Work task: Apart from the pictures, every part of the records below gets retyped exactly.

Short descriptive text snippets
◇ ◇ ◇ ◇ ◇

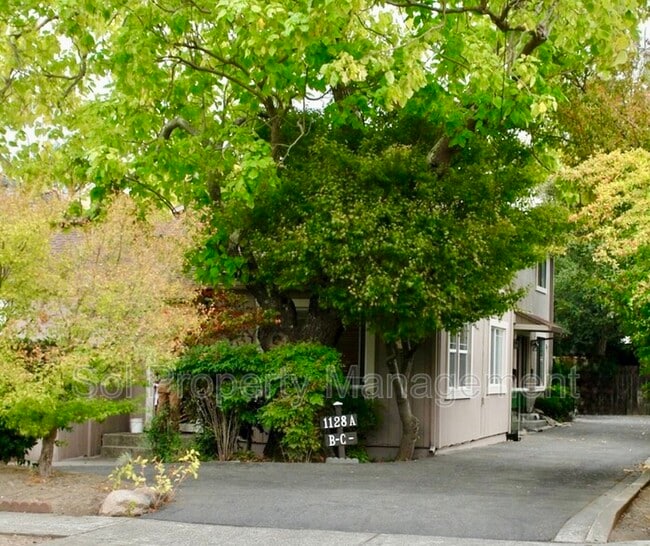 property at 1128 3rd St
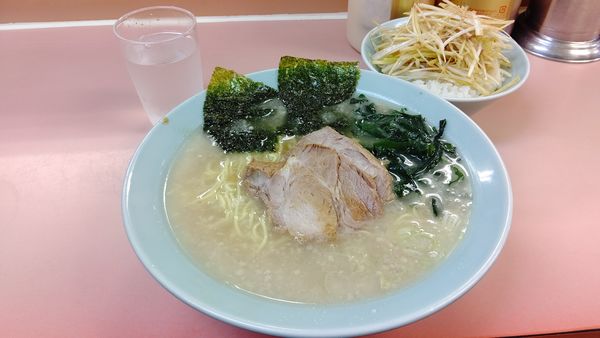 「ラーメンデー1,1(７００円)値上がり❗」@ラーメンショップ椿 新奥多摩街道店の写真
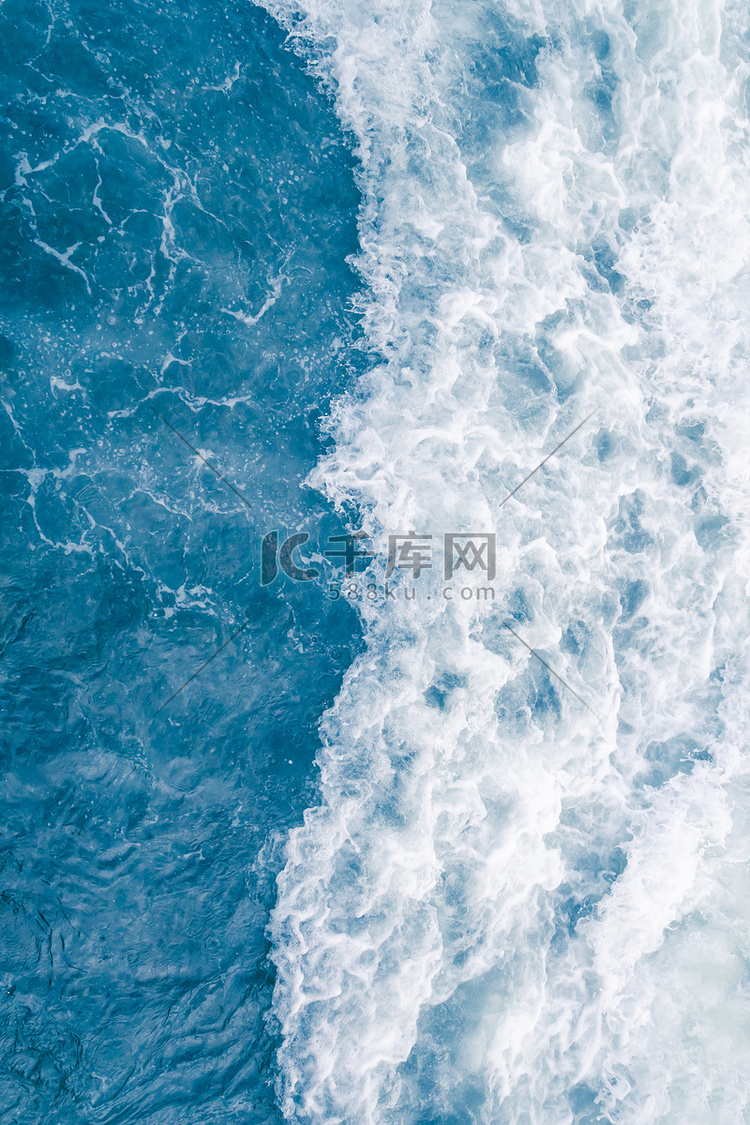 盛夏涨潮时淡蓝色海浪, 抽象海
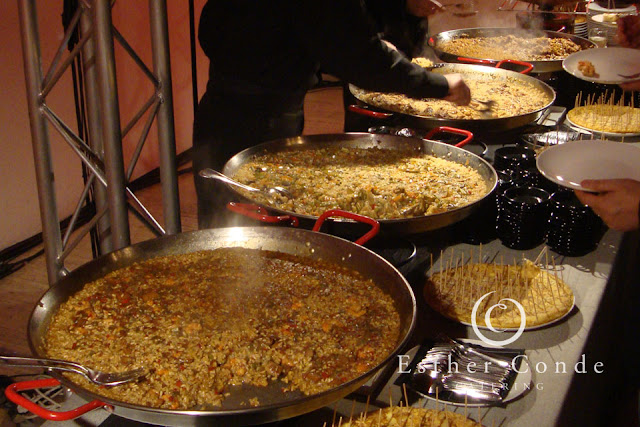 Buffet de arroces para una boda tipo coctel - Foto: Esther Conde Buffet de arroces para una boda tipo coctel - Foto: Esther Conde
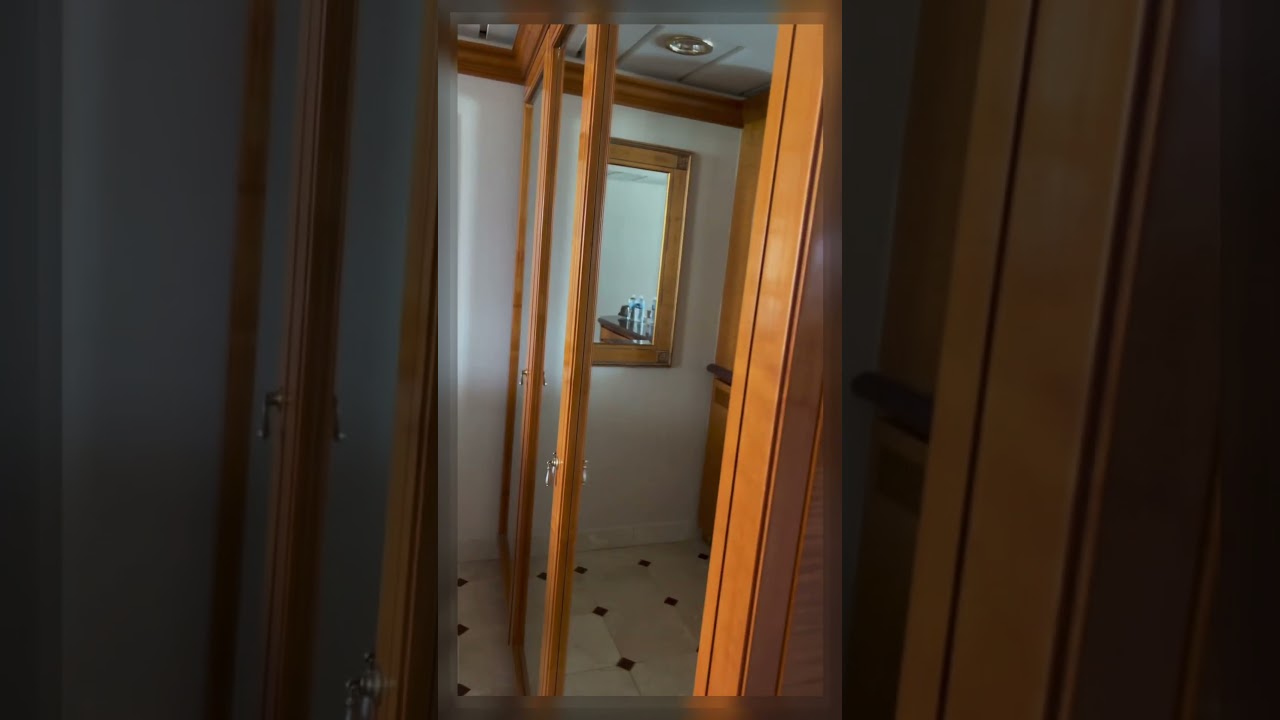 Brilliance of the Seas - Cabin 1532 - Video 2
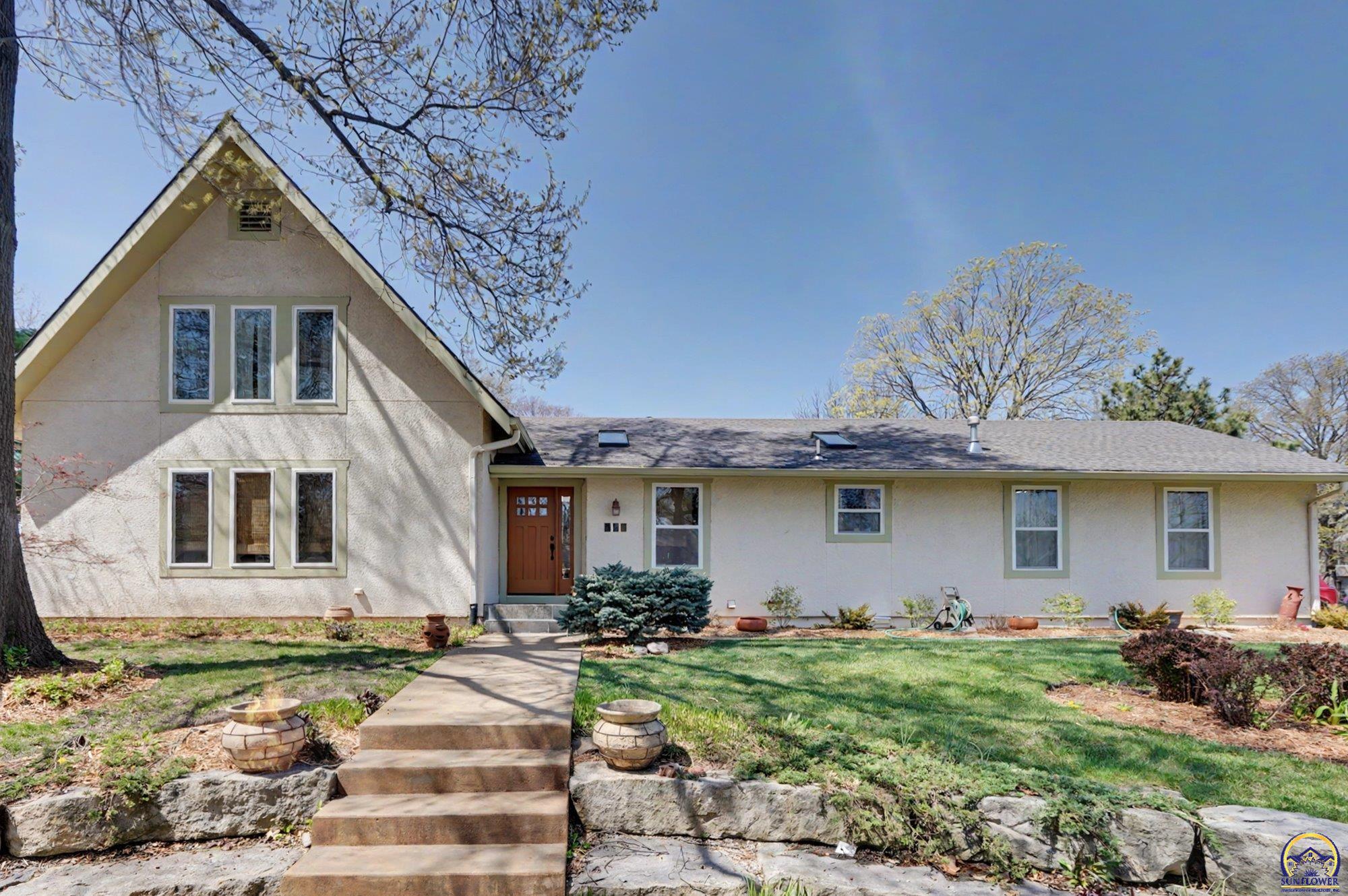 103 Providence Road Lawrence, KS 66049 - Photo 1 of 35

◇ ◇ ◇ ◇ ◇

Task output:
 property at 1128 3rd St
 「ラーメンデー1,1(７００円)値上がり❗」@ラーメンショップ椿 新奥多摩街道店の写真
 盛夏涨潮时淡蓝色海浪, 抽象海
 Buffet de arroces para una boda tipo coctel - Foto: Esther Conde Buffet de arroces para una boda tipo coctel - Foto: Esther Conde
 Brilliance of the Seas - Cabin 1532 - Video 2
 103 Providence Road Lawrence, KS 66049 - Photo 1 of 35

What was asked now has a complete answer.